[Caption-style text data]
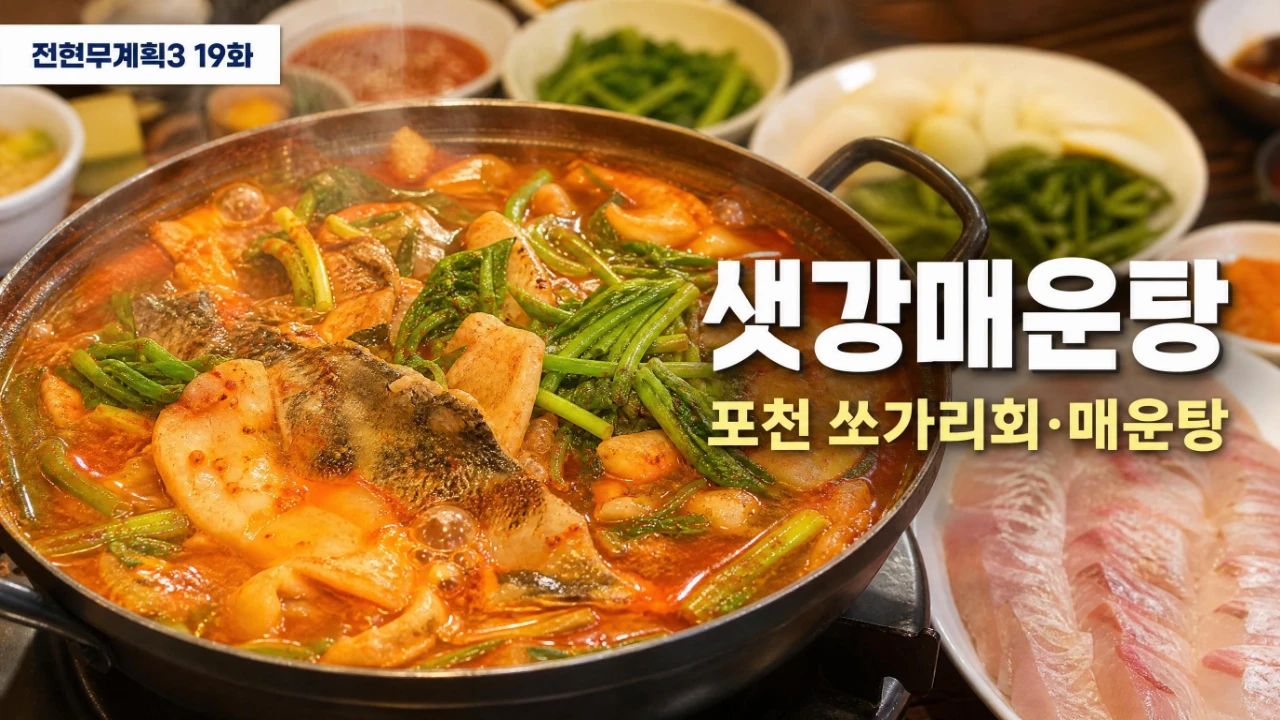 전현무계획3 19화에 소개된 포천 샛강매운탕 쏘가리회와 매운탕 안내 이미지
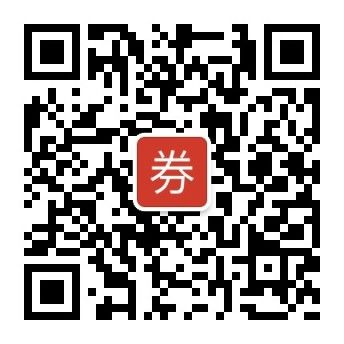 30秒优惠券 公众号二维码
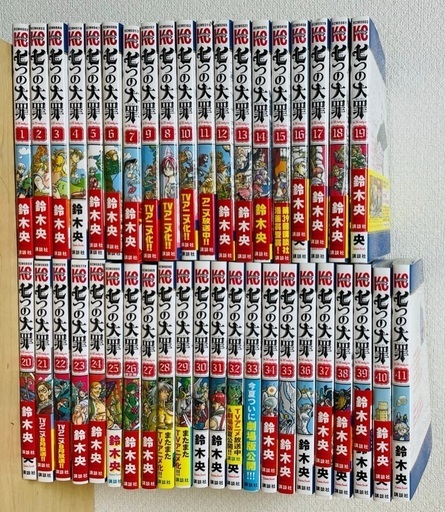 七つの大罪　漫画　1〜41巻　全巻セット　コミック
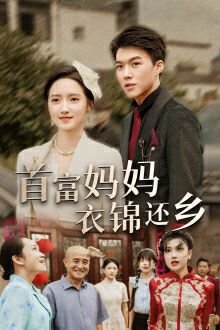 侦探学园q挑战究极诡计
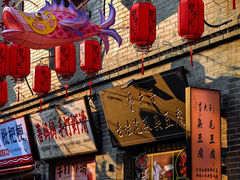 -劈柴院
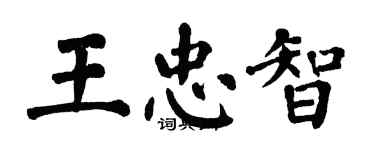 翁闿运王忠智楷书个性签名怎么写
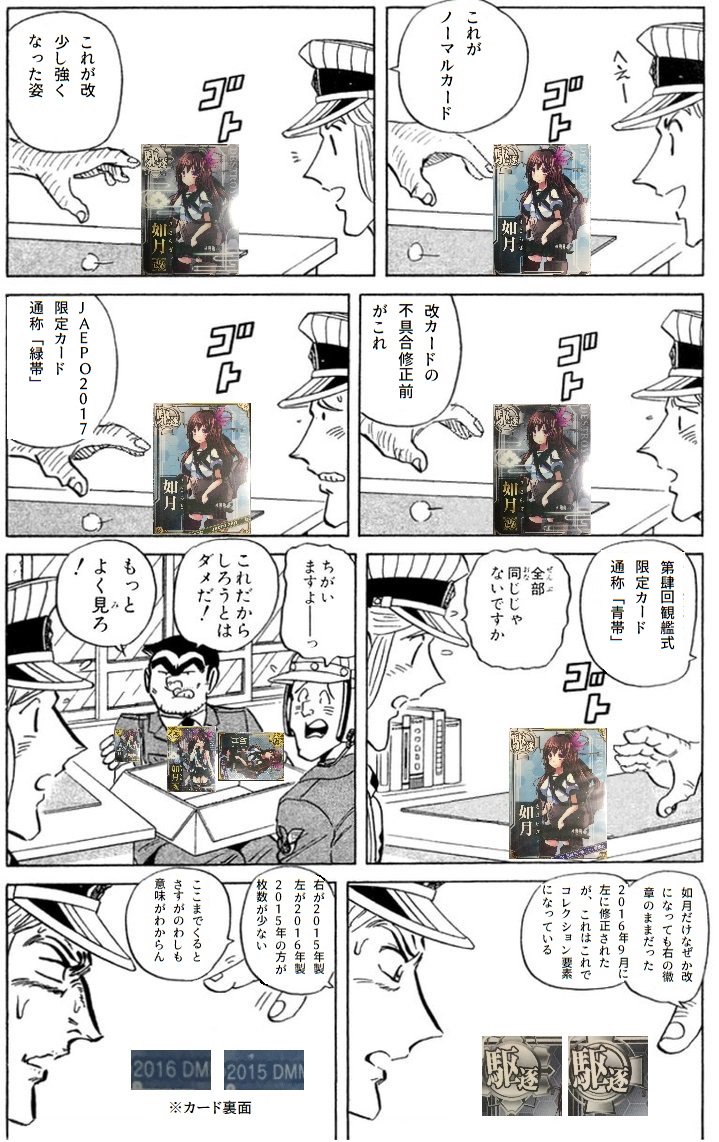 全部同じじゃないですかクソコラグランプリのtwitterリアルタイム検索結果 Meyou ミーユー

= WHAT THE TASK ASKS =
Pictures are to be left out; the answer must otherwise be exactly the lines from the one with "七つの大罪　漫画　1〜41巻　全巻セット　コミック" through the final line of the entries above, both included.

= FINISHED TASK =
 七つの大罪　漫画　1〜41巻　全巻セット　コミック
 侦探学园q挑战究极诡计
 -劈柴院
 翁闿运王忠智楷书个性签名怎么写
 全部同じじゃないですかクソコラグランプリのtwitterリアルタイム検索結果 Meyou ミーユー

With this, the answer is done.